▶ [WHAT NEEDS TO BE DONE]: Write the listing out once more, identical to the original but without pictures.

**** GIVEN MATERIAL ****

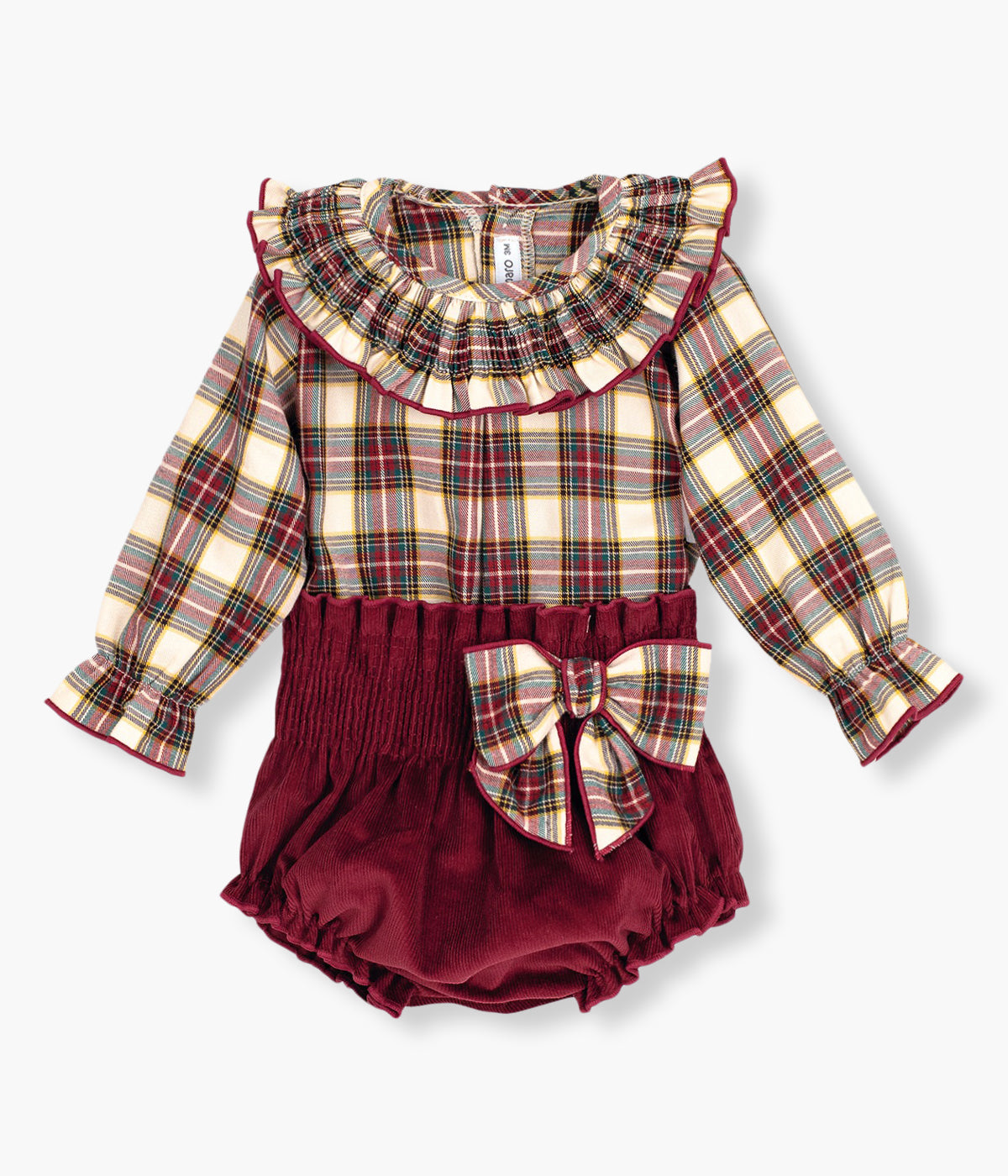 Conjunto de duas peças em algodão da Calamaro Baby para bebé menina e recém-nascida. Camisola com gola folho com padrão xadrez. Tapa fraldas em bombazine bordô com laço a combinar com a camisola.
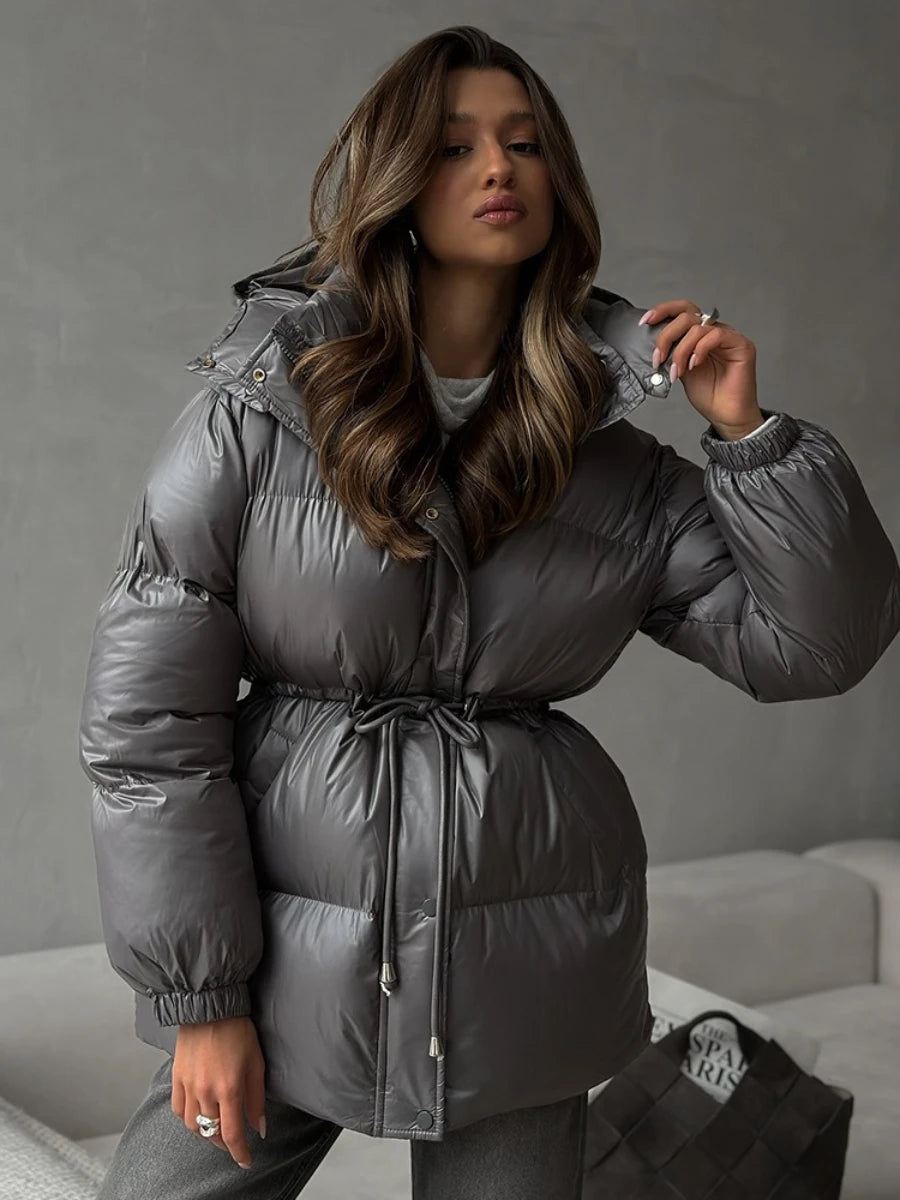 Bornladies Drawstring Slim Fit Cotton Jacket Women's  Winter New Hooded Zipper Cotton Robe Comfortable Warm Bread Jacket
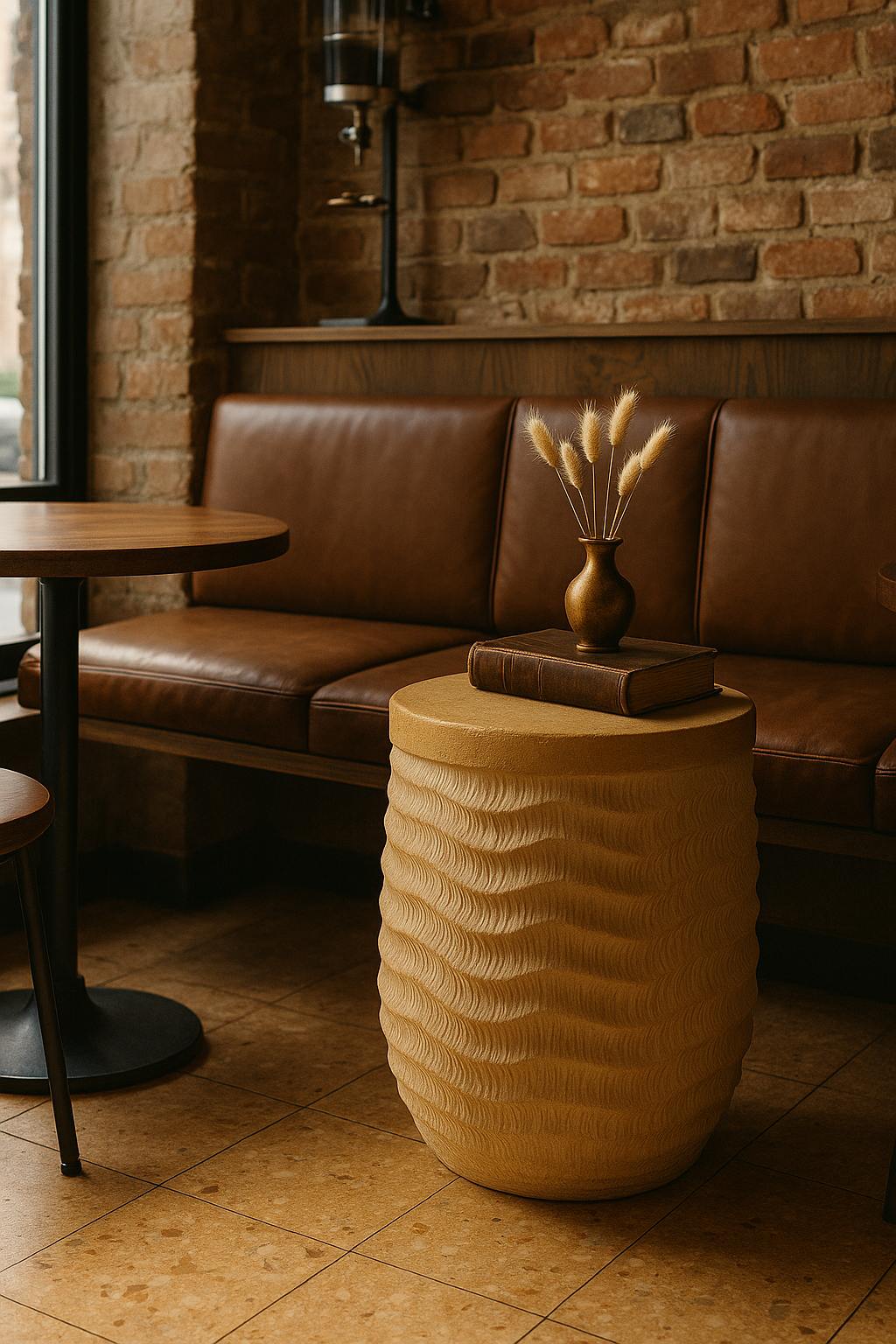 Handcrafted Solid Wood Side Table Sculptural Accent End Table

****

▶ [REPLY]:
 Conjunto de duas peças em algodão da Calamaro Baby para bebé menina e recém-nascida. Camisola com gola folho com padrão xadrez. Tapa fraldas em bombazine bordô com laço a combinar com a camisola.
 Bornladies Drawstring Slim Fit Cotton Jacket Women's  Winter New Hooded Zipper Cotton Robe Comfortable Warm Bread Jacket
 Handcrafted Solid Wood Side Table Sculptural Accent End Table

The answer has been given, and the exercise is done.